The compound of claim 15, wherein 6- [4- (3-halo-propoxy) -phenyl] -2H-pyridazin-3-one is substituted. (a) 1,3- (4-hydroxy-phenyl) -ethanone for a time and under conditions sufficient to form 1- [4- (3-halo-propoxy) -phenyl] -ethanone; Contacting with dihalopropane; And (b) 1- [4- (3-halo-propoxy) for a time and under conditions sufficient to produce 6- [4- (3-halo-propoxy) -phenyl] -2H-pyridazin-3-one. Contacting) -phenyl] -ethanone with glyoxalic acid Prepared by. The method of claim 15, (f) recrystallizing the isolated (R) -2-methylpyrrolidine L-tartrate; (g) isolating recrystallized (R) -2-methylpyrrolidine L-tartrate; And (h) optionally repeating steps (f) and (g) How to include more. (a) hydrogenating 2-methylpyrroline in a mixture comprising an alcohol solvent and a hydrogenation catalyst; (b) optionally removing a hydrogenation catalyst from said mixture; (c) dissolving D-tartaric acid in the mixture to form a solution; (d) crystallizing (S) -2-methylpyrrolidine D-tartrate from the solution; And (e) isolating crystalline (S) -2-methylpyrrolidine D-tartrate A method for producing (S) -2-methylpyrrolidine D-tartrate comprising a.

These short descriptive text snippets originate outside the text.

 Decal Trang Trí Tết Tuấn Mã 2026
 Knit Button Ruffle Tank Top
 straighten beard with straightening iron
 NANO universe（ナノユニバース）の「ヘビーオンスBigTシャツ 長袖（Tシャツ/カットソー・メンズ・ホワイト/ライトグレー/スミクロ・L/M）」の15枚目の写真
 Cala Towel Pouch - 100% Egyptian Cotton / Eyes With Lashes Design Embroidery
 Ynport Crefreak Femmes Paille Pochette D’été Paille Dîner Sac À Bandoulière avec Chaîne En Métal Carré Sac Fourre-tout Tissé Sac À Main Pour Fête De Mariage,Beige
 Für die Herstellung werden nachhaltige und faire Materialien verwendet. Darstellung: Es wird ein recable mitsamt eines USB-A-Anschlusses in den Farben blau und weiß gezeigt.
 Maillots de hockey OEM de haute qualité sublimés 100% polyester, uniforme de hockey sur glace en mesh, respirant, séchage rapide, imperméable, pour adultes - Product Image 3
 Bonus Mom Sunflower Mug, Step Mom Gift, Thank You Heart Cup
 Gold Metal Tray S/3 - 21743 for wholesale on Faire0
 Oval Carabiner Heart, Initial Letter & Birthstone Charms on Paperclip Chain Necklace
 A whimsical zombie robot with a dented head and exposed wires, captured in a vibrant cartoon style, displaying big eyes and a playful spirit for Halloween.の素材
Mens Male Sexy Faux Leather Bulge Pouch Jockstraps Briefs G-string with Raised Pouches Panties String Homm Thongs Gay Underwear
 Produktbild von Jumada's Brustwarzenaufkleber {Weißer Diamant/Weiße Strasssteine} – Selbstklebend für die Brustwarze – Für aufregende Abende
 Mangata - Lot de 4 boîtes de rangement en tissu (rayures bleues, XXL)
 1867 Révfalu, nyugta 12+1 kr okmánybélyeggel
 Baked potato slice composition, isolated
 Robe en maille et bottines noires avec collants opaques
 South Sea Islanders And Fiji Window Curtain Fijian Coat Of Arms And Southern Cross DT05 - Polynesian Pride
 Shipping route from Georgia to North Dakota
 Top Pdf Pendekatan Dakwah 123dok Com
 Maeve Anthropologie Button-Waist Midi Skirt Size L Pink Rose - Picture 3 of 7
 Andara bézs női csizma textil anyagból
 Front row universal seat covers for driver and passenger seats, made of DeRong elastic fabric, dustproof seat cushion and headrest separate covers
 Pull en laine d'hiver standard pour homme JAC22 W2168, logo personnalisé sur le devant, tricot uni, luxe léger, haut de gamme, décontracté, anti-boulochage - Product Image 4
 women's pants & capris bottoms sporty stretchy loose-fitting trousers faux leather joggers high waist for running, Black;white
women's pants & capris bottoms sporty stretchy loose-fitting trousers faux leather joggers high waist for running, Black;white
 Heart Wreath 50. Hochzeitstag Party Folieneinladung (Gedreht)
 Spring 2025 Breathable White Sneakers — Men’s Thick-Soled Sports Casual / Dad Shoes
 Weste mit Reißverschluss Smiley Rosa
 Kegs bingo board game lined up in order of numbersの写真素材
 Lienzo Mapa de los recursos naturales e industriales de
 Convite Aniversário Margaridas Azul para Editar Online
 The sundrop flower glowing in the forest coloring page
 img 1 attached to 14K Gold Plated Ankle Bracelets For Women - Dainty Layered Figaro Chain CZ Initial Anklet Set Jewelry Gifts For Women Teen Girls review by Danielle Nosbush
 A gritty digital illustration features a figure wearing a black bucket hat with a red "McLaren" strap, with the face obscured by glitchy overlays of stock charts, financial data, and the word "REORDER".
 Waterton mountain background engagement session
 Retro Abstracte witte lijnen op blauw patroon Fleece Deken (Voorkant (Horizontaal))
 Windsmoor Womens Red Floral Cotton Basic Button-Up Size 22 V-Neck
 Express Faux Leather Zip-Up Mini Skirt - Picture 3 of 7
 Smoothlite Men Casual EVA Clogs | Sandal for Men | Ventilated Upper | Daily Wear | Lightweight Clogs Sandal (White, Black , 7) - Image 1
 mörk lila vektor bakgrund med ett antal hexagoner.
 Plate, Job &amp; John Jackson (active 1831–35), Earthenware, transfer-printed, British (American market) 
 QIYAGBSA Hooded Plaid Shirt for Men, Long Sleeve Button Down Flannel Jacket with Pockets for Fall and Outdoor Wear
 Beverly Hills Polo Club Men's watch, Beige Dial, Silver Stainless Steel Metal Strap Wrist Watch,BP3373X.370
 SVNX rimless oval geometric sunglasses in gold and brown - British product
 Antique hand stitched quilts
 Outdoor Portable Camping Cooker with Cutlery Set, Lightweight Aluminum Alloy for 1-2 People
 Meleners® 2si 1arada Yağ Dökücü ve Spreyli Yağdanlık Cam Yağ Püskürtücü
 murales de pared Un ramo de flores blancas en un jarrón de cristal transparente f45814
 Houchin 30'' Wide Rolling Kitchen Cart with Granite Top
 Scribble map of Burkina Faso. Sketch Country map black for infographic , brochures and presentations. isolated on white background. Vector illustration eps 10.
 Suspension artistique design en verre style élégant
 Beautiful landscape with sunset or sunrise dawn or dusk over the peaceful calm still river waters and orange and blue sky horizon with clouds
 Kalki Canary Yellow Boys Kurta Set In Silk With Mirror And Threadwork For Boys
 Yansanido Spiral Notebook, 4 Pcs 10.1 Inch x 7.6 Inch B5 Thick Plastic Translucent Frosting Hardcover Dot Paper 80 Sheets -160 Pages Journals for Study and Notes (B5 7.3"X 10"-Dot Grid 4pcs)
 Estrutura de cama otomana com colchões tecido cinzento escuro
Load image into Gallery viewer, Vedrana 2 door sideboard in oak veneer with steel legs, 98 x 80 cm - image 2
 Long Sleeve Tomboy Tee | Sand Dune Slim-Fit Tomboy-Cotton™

The method of claim 18, wherein the hydrogenation catalyst is a platinum catalyst. The method of claim 19, wherein the platinum catalyst is 5% Pt-C. The method of claim 20, wherein the platinum catalyst is platinum (IV) oxide. 22. The method of any one of claims 18 to 21, wherein the alcohol solvent is a mixture of ethanol and methanol.